After grasping the concept behind this example, I was very disappointed - the method used is super hacky and only works if 1) the input to the function is a single integer, and 2) the function needs to compute the values recursively in the order f(0), f(1), f(2), ... But what if my parameters are vectors or sets?

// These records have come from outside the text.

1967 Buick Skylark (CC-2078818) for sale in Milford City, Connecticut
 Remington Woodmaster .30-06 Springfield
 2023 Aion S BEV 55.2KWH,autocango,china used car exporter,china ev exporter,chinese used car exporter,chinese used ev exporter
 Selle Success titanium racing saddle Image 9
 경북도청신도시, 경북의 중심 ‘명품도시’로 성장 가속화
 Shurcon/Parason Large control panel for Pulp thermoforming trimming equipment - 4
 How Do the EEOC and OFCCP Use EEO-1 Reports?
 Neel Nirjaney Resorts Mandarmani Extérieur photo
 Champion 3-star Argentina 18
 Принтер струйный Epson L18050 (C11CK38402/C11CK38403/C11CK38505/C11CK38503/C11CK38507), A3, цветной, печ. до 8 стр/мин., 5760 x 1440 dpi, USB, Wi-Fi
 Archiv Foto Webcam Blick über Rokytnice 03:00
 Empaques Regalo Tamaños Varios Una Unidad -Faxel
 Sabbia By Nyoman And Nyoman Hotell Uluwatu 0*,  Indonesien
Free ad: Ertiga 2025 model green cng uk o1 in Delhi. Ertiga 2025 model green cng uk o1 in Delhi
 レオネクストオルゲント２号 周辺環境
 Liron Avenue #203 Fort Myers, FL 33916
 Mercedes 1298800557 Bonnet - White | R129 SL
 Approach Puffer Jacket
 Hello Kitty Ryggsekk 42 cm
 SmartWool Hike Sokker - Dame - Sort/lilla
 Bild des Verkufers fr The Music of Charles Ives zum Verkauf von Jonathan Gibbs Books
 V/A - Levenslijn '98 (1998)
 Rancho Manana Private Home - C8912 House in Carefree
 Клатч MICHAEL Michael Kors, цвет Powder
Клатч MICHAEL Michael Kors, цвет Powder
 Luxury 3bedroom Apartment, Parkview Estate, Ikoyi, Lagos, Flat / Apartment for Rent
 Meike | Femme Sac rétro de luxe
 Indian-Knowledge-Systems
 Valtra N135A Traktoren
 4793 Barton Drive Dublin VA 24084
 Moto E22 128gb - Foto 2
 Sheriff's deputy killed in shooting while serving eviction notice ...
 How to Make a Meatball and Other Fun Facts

And if I want to memoize a function like f(n) = f(n/2) + f(n/3), I need to compute the value of f(i) for all i less than n, when I don't need most of those values. (Others have pointed out this claim is false)

I tried implementing what I wanted by passing a memo table that we slowly fill up as an extra parameter:

maxValue :: (Map.Map (Int, Int) Int) -> [(Int,Int)] -> Int -> (Map.Map (Int, Int) Int, Int)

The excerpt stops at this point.